Lindstrands Transtrand review | Cheapest laminated motorcycle kit

Lindstrands Transtrand Berga review_01


Date reviewed: February 2022 | Tested by: John Milbank | RRP: £239 (jacket) & £179 (pants) |


The Lindstrands Transtrand jacket and Berga trousers on review here make for the cheapest laminated motorcycle kit we’ve ever reviewed. Laminated waterproofs see the membrane bonded directly to the back of the outer shell, which makes it dry off more quickly and be less likely to get waterlogged than a drop-liner, which is where the membrane is separate to the outer.

Once the preserve of the most high-end brands, laminated kit has been getting more and more affordable over the past few years, despite its more costly construction.

I’ve been wearing the Transtrand jacket and Berga pants (that’s the last time I’ll call them pants), for around 800 miles on the Yamaha Tracer 9 GT (with a short screen) in all weathers to find out if they’re worth buying…


For and against
  • Excellent value
  • Solid waterproofing
  • AA rated
  • No thermal liner
  • Some minor (forgivable) gripes


Construction and fit

Whether you’ve owned laminated kit from several years ago, or simply tried it on, you’ll know it could be heavy and stiff. Things have changed, and like others available now, the Lindstrands Transtrand jacket and Berga trousers are flexible and lightweight, with a quality appearance.

The outer shell is a 420 Denier polyester, which I have in the ‘grey/yellow’ colourway, though black/white or an adventure-looking green/orange is also available.

While this is very much a (relatively) budget waterproof suit, there are some neat details including the well-finished collar and water-resistant YKK zips.

Fit is subjective, but I’m a slightly overweight 5’10” and the 52 jacket and trousers are right for me, though I should maybe have considered going up a size for my lower half.

The jacket’s available in sizes 46-66, while the trousers come in 46 to 62, or 48 to 60 in short leg lengths.

A set of braces are supplied with the trousers that clip on if you’d like to use them. They work well but can ping off occasionally; they’re not as secure as some designs, but the best I’ve used have been on trousers costing more than five times as much.



Protection and certification

Both the Lindstrands Transtrand jacket and the Berga trousers are CE certified to AA, EN 17092. This is typically considered the touring level of protection, and while the abrasion resistance of garments subjected to even the higher AAA tests is at a lower level than that needed for the previous standard in EN 13595, it’s always best to buy the highest-rated kit you can.

CE Level 1  armour is fitted at the shoulders, elbows, hips and knees (2 is the higher impact resistance, but typically thicker). It’s held in place with Velcro, meaning there is some degree of adjustment available – especially useful for those who are longer or short in the leg.
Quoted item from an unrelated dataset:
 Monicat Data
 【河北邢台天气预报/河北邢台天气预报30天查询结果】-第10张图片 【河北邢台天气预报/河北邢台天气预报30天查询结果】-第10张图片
There’s no back-protector supplied, though that’s not really a surprise at this price; there is a pocket and Lindstrands’ own Okelbo Level 1 protector costs £39. The zip that secures the protector’s pocket could press against your back if you have a rucksack on, but I haven’t had any issues. I’d prefer Velcro here, but in the unlikely event it does prove uncomfortable, you could always remove it.

I do have one issue with the armour in than I’ve found it a bit too easy to catch my foot on the knee protector in the left leg, despite it being beneath the mesh liner. I’m used to it now and keep my foot out of the way, but the first couple of times it flicked the armour off its Velcro fastener, leaving it to drop to the bottom of the leg. I had to take the trousers back off, unzip the bottom to retrieve the piece then fix it back in place.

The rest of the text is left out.